In April 1996 the offices of Wade’s Dairy relocated to the newly renovated facilities on Barnum Avenue in Bridgeport. Warehouse and loading operations continued at the Dewhirst facility until final relocation to Barnum Avenue in August 1996. The new facility provided greatly expanded office and warehouse space on an industrial tract of property in a part of the city experiencing economic growth. Wade’s Dairy could at long last operate without constraint, and operations expanded to 24 hours with receiving and loading through the evenings.
The late nineties brought changes including fleet modernization, a major computer conversion, and product expansion into ice cream, cookies, brownies, coffee cakes, and soups. Personnel expanded in customer relations, accounting, credit, sales, delivery, warehouse, and human resources; the dairy purchased another distributor; and the customer base reached a peak of one thousand wholesale accounts. Managerial consultants were retained to thoroughly examine the business and help the fourth generation of Wades erect a corporate structure and plan for the company’s third century of business.

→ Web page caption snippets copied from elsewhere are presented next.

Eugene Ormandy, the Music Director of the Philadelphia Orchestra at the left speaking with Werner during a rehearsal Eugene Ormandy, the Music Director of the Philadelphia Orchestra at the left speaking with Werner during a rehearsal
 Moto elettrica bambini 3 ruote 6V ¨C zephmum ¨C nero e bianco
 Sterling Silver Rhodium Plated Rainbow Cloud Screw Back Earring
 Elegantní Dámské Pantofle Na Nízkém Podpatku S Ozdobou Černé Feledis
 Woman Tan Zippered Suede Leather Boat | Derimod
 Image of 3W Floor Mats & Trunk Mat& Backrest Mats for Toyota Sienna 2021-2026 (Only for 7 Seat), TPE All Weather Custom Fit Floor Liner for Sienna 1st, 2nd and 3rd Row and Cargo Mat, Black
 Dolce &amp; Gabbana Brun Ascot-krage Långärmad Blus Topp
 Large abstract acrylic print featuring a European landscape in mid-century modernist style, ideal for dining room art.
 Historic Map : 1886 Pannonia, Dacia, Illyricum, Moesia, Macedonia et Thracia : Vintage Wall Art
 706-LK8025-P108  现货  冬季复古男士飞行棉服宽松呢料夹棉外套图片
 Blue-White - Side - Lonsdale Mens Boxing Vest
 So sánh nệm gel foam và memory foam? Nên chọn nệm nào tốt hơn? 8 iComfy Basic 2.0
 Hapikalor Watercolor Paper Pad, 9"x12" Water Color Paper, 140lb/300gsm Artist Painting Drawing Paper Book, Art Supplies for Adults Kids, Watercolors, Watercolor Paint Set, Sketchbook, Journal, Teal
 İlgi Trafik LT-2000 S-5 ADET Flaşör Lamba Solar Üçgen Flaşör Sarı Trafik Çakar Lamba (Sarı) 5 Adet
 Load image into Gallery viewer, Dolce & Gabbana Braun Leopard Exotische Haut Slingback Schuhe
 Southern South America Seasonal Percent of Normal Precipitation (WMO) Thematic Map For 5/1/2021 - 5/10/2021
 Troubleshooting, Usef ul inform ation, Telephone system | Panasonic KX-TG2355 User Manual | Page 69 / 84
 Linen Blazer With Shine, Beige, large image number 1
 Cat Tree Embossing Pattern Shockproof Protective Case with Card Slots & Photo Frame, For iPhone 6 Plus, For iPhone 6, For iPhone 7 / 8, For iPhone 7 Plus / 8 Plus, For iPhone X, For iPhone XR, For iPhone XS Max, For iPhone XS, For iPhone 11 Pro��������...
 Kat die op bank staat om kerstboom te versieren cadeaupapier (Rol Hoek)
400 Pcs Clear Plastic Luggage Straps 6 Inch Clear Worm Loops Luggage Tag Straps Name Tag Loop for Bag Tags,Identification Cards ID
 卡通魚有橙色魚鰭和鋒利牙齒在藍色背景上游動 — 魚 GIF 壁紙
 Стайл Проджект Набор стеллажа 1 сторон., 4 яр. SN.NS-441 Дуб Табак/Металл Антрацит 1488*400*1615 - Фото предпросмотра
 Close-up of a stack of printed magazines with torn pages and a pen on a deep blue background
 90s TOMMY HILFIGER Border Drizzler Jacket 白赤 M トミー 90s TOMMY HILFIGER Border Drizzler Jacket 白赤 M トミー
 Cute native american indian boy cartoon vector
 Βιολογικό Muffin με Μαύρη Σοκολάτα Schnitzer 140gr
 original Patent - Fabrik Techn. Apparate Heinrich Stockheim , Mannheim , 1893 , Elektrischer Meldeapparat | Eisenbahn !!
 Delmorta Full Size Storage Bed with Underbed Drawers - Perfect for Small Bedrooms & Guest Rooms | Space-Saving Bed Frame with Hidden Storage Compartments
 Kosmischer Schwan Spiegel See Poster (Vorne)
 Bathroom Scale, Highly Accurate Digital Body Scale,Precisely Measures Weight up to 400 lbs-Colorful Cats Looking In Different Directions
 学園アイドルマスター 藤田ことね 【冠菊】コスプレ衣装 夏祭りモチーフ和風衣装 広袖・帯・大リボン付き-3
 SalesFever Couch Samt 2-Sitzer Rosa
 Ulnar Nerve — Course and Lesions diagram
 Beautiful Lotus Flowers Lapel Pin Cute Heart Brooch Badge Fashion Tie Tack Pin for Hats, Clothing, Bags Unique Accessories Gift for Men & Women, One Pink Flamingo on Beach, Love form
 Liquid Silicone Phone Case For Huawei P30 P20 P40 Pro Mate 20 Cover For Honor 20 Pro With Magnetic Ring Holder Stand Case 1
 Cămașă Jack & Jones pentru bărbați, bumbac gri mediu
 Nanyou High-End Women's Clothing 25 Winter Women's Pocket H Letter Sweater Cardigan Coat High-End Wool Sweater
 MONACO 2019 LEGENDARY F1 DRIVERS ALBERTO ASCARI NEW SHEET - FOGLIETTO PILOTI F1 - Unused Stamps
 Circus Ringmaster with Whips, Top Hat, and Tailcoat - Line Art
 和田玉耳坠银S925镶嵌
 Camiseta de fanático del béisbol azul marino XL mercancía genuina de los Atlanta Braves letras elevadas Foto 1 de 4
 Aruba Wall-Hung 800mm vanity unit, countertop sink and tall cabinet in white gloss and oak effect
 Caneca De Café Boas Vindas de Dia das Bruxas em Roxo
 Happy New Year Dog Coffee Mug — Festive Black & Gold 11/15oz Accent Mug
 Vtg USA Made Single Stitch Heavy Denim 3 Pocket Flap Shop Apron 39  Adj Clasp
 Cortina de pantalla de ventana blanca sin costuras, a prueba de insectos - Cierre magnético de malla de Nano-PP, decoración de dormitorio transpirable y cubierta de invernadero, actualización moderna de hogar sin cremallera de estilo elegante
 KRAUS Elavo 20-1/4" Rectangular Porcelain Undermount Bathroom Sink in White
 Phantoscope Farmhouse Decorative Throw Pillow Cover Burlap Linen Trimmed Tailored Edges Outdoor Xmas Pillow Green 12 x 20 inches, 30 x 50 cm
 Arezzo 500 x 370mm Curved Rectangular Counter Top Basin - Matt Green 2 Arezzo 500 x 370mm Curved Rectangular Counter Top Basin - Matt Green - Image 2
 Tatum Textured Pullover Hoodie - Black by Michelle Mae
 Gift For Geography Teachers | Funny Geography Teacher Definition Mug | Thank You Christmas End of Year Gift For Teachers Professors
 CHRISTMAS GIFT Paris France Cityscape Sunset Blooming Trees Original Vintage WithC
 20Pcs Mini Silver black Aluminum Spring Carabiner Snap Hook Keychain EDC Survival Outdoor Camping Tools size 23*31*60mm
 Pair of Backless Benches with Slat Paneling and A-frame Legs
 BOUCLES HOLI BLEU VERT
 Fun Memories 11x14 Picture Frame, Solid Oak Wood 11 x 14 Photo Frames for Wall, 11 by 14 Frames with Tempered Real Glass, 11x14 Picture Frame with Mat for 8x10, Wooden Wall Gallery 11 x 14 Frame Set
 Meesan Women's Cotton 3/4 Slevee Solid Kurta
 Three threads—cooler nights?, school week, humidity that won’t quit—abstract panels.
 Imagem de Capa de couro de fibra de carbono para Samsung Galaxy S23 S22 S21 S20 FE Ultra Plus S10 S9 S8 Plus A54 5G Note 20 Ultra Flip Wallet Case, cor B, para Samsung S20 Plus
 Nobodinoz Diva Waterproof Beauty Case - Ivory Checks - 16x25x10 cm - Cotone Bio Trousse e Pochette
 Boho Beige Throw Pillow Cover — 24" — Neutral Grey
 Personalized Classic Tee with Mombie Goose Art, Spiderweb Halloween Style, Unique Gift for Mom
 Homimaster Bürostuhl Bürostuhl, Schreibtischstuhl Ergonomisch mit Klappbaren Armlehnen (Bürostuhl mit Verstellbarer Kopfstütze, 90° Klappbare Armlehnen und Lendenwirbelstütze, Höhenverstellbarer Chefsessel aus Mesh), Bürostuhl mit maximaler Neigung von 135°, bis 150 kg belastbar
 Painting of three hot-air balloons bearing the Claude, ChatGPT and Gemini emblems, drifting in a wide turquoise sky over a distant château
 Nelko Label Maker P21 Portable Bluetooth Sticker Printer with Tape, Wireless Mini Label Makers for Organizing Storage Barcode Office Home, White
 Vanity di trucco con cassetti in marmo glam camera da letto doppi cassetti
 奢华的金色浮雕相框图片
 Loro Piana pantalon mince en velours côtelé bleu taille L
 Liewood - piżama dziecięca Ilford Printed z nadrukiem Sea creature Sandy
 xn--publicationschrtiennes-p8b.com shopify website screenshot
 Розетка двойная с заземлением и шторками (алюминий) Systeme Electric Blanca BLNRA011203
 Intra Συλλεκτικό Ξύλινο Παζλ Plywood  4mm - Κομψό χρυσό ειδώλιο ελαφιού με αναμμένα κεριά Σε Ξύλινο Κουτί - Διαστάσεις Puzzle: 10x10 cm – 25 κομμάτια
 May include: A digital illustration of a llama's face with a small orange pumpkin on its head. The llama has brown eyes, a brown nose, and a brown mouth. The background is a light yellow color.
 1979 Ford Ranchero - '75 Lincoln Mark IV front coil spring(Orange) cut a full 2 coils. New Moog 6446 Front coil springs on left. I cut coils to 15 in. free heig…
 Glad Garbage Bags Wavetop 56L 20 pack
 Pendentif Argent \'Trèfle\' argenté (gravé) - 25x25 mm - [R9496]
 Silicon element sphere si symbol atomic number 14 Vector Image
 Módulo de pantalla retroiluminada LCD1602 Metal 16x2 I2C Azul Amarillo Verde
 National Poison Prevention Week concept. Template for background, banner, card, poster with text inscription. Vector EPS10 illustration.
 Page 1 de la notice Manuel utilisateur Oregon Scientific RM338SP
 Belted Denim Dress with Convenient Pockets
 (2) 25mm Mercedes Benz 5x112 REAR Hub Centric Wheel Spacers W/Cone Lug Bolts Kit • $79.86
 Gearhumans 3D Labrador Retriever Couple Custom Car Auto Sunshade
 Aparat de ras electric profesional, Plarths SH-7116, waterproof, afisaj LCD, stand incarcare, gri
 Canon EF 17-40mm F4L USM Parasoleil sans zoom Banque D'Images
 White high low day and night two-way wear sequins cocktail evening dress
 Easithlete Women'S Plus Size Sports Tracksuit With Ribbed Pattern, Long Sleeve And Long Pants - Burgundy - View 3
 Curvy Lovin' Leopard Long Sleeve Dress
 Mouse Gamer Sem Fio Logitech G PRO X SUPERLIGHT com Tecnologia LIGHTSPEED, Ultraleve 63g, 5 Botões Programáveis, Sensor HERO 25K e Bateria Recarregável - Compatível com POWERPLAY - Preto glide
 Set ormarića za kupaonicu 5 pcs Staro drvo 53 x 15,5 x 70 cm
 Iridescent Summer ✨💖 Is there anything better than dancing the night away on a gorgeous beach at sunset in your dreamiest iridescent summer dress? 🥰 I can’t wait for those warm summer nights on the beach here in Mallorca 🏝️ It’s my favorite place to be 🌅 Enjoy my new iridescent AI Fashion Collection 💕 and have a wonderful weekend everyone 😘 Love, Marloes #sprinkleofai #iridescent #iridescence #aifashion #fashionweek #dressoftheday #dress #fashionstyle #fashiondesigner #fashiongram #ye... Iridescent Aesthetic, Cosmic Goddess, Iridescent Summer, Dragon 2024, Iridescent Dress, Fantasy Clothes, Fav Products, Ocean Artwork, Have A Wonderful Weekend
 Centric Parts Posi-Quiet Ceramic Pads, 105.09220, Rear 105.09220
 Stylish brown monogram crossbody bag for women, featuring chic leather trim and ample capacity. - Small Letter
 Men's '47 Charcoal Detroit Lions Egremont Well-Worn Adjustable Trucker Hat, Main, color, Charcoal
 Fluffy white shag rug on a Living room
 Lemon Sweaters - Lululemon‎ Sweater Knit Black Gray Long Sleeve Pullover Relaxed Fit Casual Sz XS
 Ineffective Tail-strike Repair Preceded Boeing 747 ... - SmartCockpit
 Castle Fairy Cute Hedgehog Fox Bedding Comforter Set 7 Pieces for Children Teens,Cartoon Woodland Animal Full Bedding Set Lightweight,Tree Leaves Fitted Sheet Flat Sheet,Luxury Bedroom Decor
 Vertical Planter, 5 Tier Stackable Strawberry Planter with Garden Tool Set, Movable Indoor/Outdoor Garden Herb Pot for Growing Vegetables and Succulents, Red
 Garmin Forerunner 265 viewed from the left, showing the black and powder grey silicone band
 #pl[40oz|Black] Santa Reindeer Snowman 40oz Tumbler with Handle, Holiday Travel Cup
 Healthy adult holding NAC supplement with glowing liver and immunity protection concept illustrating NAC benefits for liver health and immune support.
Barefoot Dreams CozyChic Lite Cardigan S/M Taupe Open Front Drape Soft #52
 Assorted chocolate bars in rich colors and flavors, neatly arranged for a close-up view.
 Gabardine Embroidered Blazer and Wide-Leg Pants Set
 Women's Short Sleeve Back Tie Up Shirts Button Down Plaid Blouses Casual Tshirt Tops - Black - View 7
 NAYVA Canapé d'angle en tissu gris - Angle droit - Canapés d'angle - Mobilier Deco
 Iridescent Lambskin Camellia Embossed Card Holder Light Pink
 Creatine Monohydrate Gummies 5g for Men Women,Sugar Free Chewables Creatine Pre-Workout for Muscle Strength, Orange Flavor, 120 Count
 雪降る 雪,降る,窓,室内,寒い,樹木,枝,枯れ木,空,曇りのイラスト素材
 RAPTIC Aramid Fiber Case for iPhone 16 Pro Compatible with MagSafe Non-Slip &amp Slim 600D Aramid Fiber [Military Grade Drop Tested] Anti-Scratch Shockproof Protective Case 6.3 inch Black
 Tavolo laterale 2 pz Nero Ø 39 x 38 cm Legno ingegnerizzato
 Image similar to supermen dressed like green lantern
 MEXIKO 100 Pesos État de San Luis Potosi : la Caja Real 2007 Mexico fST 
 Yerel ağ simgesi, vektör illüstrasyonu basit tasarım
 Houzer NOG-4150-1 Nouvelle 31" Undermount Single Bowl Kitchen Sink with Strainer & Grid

In the year 2000 our focus is toward the new, with respect for our company’s history and admiration for our forebears. We continue to underscore customer service as the trademark by which we make our name known, following the tradition of our fathers’ and grandfather’s home delivery motto, “Let our family serve yours!” We have entered the global neighborhood via the Internet, something our fathers, grandfather and great-grandfather never imagined. We have published our first bi-annual magazine highlighting their accomplishments, in which we take great pride, as well as our own vision for the future of our own families, our business, and the industry. And we continue to explore new ways to include both our customers and our employees in the success of our business, something our family taught us early on. We’re grateful for the opportunities their hard work afforded us, we plan to continue honoring the traditions they established, and we very much appreciate your interest in our family business, Wade’s.